Mr Ong Ye Kung seems to like monopolies or political hegemony, insinuating that competition in the political arena is a bad thing. In his speech at the Institute of Policy Studies in January 2017, Mr Ong painted two likely scenarios of multi-party systems.
1. Unions and various associations and even the media become split as parties seek support
2. Political parties align themselves along “sinister” lines
Are you frightened yet? There’s more. Not having a government with absolute dominance in Parliament will “slow down decision-making and nimbleness while navigating an “ever-changing world and environment”.
Mr Ong is merely repeating something which we’ve been told at every election. Singapore is small, diverse and vulnerable. That we all know and accept. But the 2013 Little India riot (our first in more than 40 years) had nothing to do with political conflict and more to do with the tenuous declaration that Singapore is for everybody. So why does Mr Ong think that unions and various associations will become split and seek support? Because it’s fun to do so? Or is it because they feel that they have been left out, not properly represented and their issues are not being addressed? Not giving opposing voices any representation in Parliament will not eliminate their problems and concerns. It’ll only dampen robust debate and give an appearance of superficial harmony that prevailed in Little India prior to the riot.

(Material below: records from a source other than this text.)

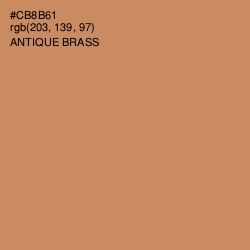 #CB8B61 - Antique Brass Color Image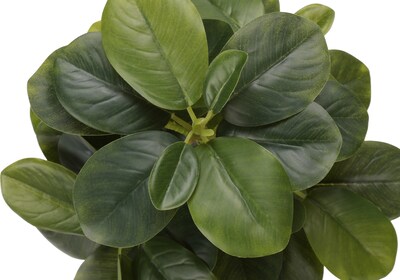 Monarch Specialties Inc. 14" Artificial Ficus Elastica Plant in Pot, 2/Set (I 9558)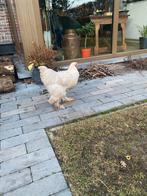 Brahma haan, Dieren en Toebehoren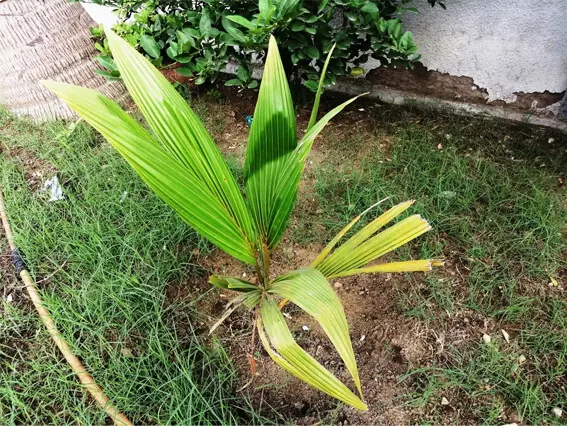  Leaflets form a single leaf in the early phase of the coconut plant&rsquo;s life cycle | Photos by the writer 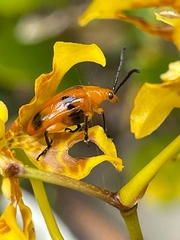 Stethopachys formosa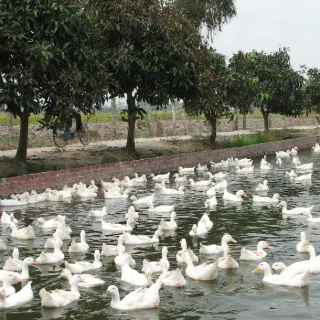 Vịt bầu cánh trắng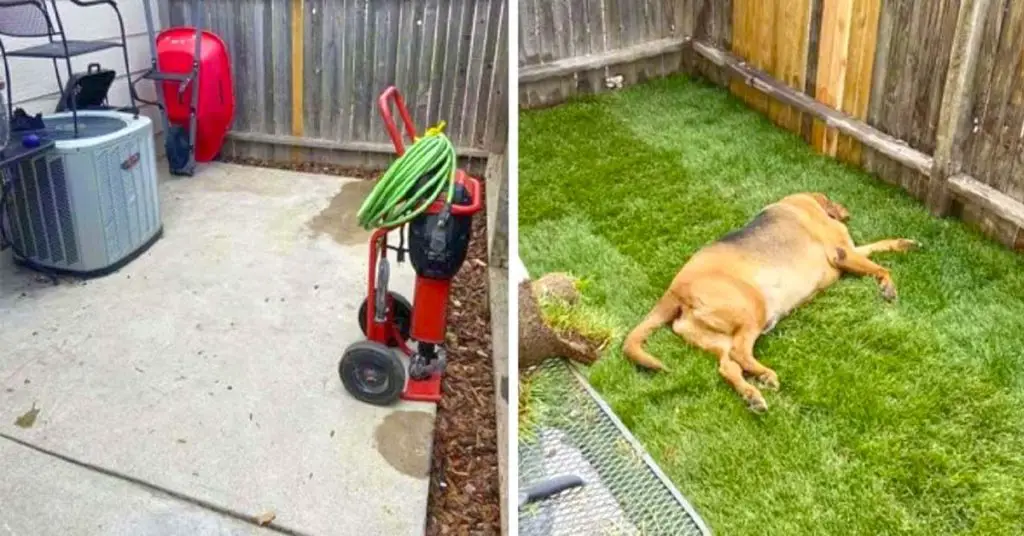 dog gets a back yard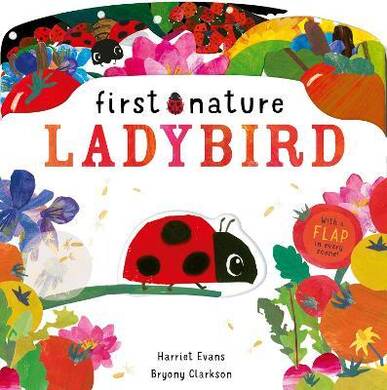 Fn Ladybird - 1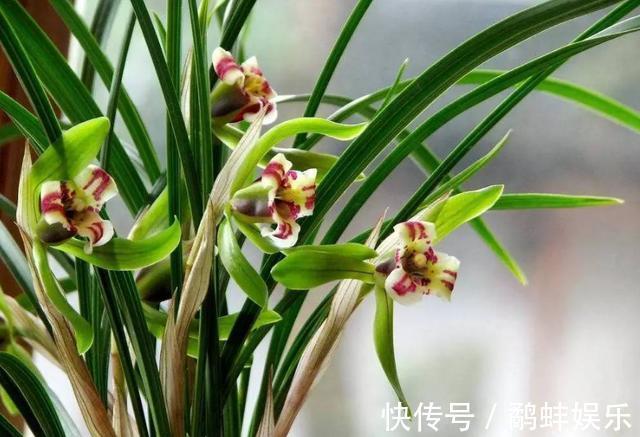 家中养护兰花，使用简单的“肥液”，新芽蓬发，轻松开花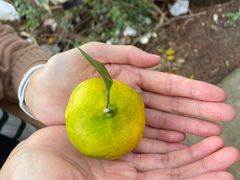 -前小桔亲子创意农场·草莓采摘·露营烧烤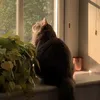 meowwwmeoww02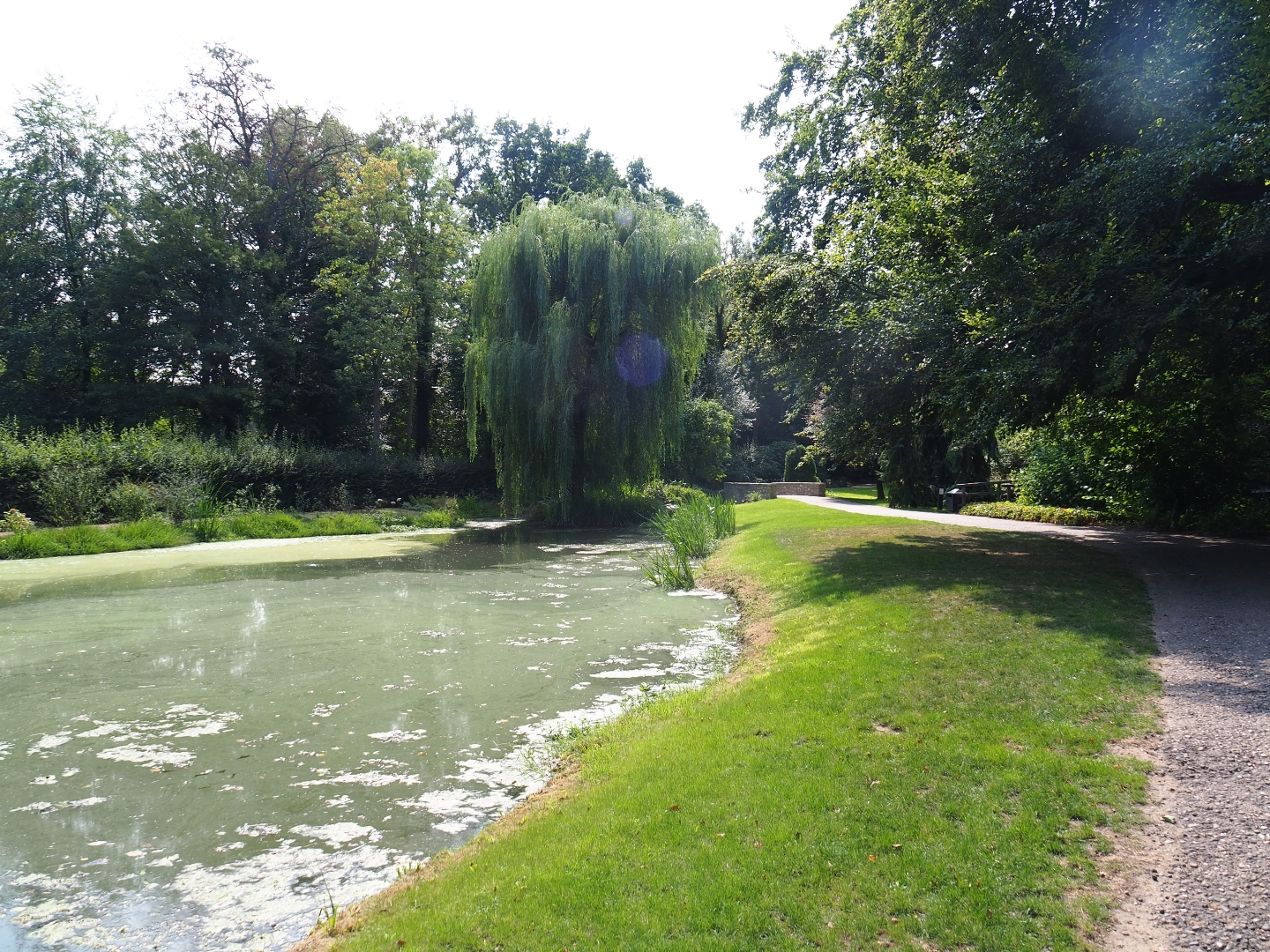 Park view with English gardens pond (Aug 28th, 2018)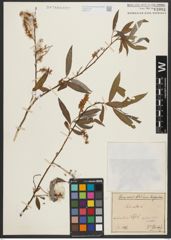 Foto von Salix alba L.
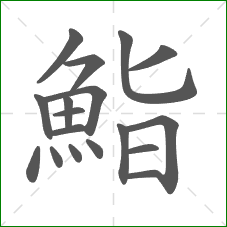 鮨的笔顺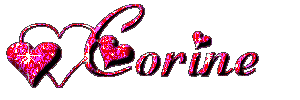 corine/corine-324484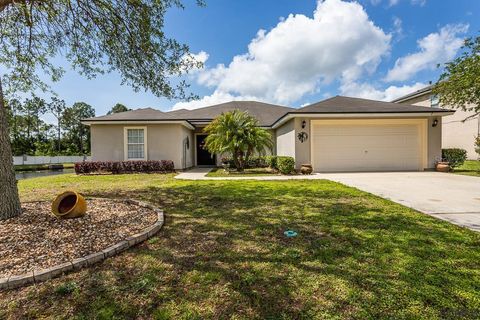 A home in PALM COAST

I’m not sure if anybody in the audience challenged Mr Ong on his second point, but it seemed like a rather foolhardy thing to say. By making his second point, Mr Ong seems to be trying to blind side the audience to the fact that any party out there can align itself along “sinister” lines. May Buddha help Singapore if that party happens to be the only party in power. This point actually supports the fact that a single-party system may ruin Singapore!
Next, let’s talk about speed. Admittedly, Mr Ong is not the first and only leader to point out the need for speed and expediency. Let’s get back to vPost and my soon to be former stockbroking firm. So, what has happened to the folks there over the years? Why has service become so bad that the machines have become so much more reliable than the humans? And we’re not talking about solving complex mathematical problems here; just simple and straightforward customer service. Remember cartoons of frustrated folks smashing their computers? Now it’s human who is asking to be smashed. Maybe it’s because our machines have taken over so much of the work that humans have lost the ability to serve customers well. Maybe companies that want to dominate the market have bitten off more than they can chew. Monopolies can afford to care less about customer satisfaction; like TV stations that receive awards for being the most watched in Singapore and newsPAPers that claim to be the most read by Singaporeans, there is no need for them to do better. Who else can the award go to?
In the same vein, good or bad, right or wrong, popular or unpopular policies can be passed very quickly in a one-party Parliament. But speed is only good if you’re running on the right track or driving in the right direction. On the wrong track, speed ruins you. And looking at the way things are going, I take a contrarian view to those who ride the “digital” trends. No, we don’t need to get faster and faster. We really need to slow down. But then again, that’s just me. You may want to run a different track or go in a different direction. That’s your prerogative. A mature society respects and gives space to such diverse views and aspirations. A truly developed nation accepts differences, individual rights and privacy and sorts things out without the use of excessive legislation.
By asserting that speed and expediency are vital, Mr Ong is implying and assuming that his government is infallible and incapable of making any bad decisions. Isn’t that the kind of advertising that Google wouldn’t allow because it’s misleading? One problem with the one-party system is that it’s an all-or-none when it comes to policies. We can’t vote for education system and vote against the healthcare system. It’s a blank cheque. You accept all policies lock, stock and barrel. A two-party system can delay a good policy as much as it can delay a bad one. There is no perfect system out there that will suit every individual ideal.
I think we should march a bit slower. The wisdom of crowds cannot be completely trusted regardless of whether it’s a democratic majority or a compliant people under a dictatorship. But for better or for worse, our key to future happiness lies in the power to change the folks we put in charge of our postal packages, our trading accounts and our country.